This post has been updated to more accurately reflect the Empire Center's political affiliations.
Dive Brief:
- New analysis from Empire Center, a nonprofit think tank located in New York's capital of Albany, shows the state's new Clean Energy Standard will cost consumers more than $3 billion across the next five years while having little impact on greenhouse gas emissions and ignoring needed grid upgrades.
- This summer, state regulators approved a standard directing the state to get half its power from renewable sources by 2030, while guaranteeing income for three struggling upstate nuclear power plants.
- The plan will have "a barely discernible impact on global greenhouse gas emissions," the report concluded, adding that regionally emissions could rise if changes are not made to the Regional Greenhouse Gas Initiative.
Dive Insight:
New York Gov. Andrew Cuomo has hailed the state's CES as a necessary move to reduce emissions, and supports for three struggling nuclear plants as an essential part of the carbon-free strategy.

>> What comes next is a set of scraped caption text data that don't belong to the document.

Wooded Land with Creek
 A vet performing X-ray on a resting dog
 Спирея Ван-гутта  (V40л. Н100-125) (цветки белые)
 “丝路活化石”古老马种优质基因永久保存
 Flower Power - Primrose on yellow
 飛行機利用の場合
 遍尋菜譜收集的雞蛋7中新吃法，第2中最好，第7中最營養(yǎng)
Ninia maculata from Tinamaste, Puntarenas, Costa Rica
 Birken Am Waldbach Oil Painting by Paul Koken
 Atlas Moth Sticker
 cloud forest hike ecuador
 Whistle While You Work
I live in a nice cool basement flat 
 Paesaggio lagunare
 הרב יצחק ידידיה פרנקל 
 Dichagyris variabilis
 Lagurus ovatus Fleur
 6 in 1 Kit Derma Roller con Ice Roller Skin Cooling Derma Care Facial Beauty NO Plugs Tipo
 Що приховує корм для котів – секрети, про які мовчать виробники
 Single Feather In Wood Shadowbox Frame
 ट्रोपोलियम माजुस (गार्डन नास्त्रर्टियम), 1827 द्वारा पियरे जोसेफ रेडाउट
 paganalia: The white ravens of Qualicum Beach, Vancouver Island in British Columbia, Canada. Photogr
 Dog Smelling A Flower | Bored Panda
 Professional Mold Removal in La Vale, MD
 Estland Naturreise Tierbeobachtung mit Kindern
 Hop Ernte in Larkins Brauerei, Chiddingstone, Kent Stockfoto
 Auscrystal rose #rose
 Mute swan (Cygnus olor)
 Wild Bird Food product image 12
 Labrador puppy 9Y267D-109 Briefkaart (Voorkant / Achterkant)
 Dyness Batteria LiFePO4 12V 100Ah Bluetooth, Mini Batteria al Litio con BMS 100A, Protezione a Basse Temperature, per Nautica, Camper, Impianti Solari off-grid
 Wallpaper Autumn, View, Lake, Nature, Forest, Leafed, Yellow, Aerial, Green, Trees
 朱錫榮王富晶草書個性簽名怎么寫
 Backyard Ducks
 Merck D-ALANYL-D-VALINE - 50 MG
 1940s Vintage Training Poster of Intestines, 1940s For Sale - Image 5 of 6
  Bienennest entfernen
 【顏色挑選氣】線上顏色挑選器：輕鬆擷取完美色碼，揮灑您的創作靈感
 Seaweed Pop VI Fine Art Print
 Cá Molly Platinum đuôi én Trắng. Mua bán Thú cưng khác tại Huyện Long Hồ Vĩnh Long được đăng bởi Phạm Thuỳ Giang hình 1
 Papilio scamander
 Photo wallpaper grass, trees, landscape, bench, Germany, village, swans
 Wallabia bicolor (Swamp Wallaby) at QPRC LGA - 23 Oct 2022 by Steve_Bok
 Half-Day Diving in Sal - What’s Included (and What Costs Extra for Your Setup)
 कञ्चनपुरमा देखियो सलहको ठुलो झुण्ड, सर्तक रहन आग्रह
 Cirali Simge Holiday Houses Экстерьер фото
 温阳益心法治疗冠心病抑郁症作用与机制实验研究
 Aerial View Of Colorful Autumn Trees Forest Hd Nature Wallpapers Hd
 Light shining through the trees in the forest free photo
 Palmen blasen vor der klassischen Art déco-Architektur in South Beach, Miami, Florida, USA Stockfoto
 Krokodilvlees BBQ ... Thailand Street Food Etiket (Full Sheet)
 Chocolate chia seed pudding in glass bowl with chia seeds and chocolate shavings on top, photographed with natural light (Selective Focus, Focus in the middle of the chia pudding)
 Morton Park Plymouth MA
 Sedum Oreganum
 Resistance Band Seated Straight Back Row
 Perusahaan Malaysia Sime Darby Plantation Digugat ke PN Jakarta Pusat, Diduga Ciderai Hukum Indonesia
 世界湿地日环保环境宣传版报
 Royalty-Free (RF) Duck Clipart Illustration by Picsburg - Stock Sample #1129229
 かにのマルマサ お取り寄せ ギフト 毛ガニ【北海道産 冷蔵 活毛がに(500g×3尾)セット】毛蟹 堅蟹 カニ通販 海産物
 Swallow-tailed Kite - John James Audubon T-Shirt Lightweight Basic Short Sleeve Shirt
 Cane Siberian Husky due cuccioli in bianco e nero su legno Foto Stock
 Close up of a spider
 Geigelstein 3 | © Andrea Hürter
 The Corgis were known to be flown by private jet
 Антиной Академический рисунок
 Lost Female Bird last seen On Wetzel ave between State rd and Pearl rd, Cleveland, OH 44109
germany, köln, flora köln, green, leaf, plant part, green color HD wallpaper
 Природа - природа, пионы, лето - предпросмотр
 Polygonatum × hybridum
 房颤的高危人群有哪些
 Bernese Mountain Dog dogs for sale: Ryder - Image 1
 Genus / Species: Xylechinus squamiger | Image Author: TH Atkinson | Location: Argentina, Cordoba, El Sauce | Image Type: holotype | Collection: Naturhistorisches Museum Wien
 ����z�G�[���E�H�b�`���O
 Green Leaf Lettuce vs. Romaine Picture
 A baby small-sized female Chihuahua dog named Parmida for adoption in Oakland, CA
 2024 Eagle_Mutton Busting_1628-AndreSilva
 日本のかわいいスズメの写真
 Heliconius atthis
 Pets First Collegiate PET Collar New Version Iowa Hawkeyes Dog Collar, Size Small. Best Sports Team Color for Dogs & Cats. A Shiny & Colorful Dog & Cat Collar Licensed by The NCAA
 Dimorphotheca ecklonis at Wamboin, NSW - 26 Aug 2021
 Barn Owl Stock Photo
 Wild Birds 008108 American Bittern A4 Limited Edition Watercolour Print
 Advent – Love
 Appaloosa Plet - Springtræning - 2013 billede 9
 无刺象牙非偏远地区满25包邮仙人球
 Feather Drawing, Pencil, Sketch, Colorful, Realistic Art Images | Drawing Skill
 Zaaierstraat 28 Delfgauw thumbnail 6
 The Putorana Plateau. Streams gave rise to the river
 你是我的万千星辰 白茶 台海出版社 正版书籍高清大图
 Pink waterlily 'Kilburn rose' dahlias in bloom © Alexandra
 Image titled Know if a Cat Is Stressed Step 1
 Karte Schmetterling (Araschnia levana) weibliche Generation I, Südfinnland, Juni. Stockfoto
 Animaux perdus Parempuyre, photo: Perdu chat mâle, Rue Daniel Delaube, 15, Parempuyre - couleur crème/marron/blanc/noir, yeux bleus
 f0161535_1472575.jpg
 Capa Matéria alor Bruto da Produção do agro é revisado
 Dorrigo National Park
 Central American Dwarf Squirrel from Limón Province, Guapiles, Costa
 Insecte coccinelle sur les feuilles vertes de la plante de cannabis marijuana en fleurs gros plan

But the Empire Center analysis questions those findings, suggesting regional emissions could rise without some policy changes.
“The Clean Energy Standard shapes up as a massive unlegislated tax increase, imposed through utility charges,” Empire Center policy analyst Ken Girardin said in a statement. According to the report, the CES will add almost $3.4 billion to New York utility bills in the next five years, and then 50% renewables mandate does not provide for necessary improvements to the grid.
"The PSC also failed to consider the added conventional generating capacity needed to back up renewables when the sun isn’t shining and the wind isn’t blowing," the report says.
Empire Center bills itself as non-partisan, a label some policy-watchers dispute. According the the Center for Media and Democracy, the center is a project of the Manhattan Institute, a free market think tank, and a member of the State Policy Network, a group of "mini Heritage foundations" that push conservative policies nationwide.
The group questions the overall impact of the clean energy standard, arguing that without changes to the multi-state RGGI compact, the end result will be lower emissions from New York, resulting in greater pollution within the region.
"Reductions in carbon emissions from New York power generators could be offset by an increase in emissions in eight other RGGI states," the Center said. "Even accepting the premise that forced renewable usage is justified, it would have made more sense to steer utilities toward a fixed amount of renewable capacity or generation, rather than an arbitrary fraction of an unknown future demand."
In addition to the renewables standard, New York directed almost $1 billion to the Fitzpatrick, Ginna and Nine Mile plants over the first two years of the program, in order to keep them from closing down. The plants are expected to produce 27.6 million MWh of carbon-free generation per year, making their operation essential to meeting Cuomo's goal of cutting greenhouse gas emissions 40% from 1990 levels by 2030, and 80% by 2050.